Description of the task >>
Using the entries below, return word for word the lines from the one containing "Image 25 of 41 For 12698 Sandhill Lane 1" up to and including the last.

Data extracts >>
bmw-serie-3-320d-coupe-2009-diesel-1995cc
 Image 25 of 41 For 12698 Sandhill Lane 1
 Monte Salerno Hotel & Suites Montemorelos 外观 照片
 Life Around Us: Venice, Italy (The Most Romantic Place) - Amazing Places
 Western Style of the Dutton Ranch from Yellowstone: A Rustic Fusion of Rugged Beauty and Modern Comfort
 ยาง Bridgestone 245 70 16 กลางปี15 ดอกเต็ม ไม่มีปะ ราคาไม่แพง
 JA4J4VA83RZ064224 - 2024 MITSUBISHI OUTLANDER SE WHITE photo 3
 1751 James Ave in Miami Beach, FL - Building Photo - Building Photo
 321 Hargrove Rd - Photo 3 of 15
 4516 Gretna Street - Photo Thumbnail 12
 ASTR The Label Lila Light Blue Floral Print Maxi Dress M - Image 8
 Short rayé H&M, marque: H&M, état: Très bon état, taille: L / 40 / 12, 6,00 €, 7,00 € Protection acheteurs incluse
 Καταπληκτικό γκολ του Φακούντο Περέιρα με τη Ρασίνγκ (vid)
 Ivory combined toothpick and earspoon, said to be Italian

Exercise answer >>
 Image 25 of 41 For 12698 Sandhill Lane 1
 Monte Salerno Hotel & Suites Montemorelos 外观 照片
 Life Around Us: Venice, Italy (The Most Romantic Place) - Amazing Places
 Western Style of the Dutton Ranch from Yellowstone: A Rustic Fusion of Rugged Beauty and Modern Comfort
 ยาง Bridgestone 245 70 16 กลางปี15 ดอกเต็ม ไม่มีปะ ราคาไม่แพง
 JA4J4VA83RZ064224 - 2024 MITSUBISHI OUTLANDER SE WHITE photo 3
 1751 James Ave in Miami Beach, FL - Building Photo - Building Photo
 321 Hargrove Rd - Photo 3 of 15
 4516 Gretna Street - Photo Thumbnail 12
 ASTR The Label Lila Light Blue Floral Print Maxi Dress M - Image 8
 Short rayé H&M, marque: H&M, état: Très bon état, taille: L / 40 / 12, 6,00 €, 7,00 € Protection acheteurs incluse
 Καταπληκτικό γκολ του Φακούντο Περέιρα με τη Ρασίνγκ (vid)
 Ivory combined toothpick and earspoon, said to be Italian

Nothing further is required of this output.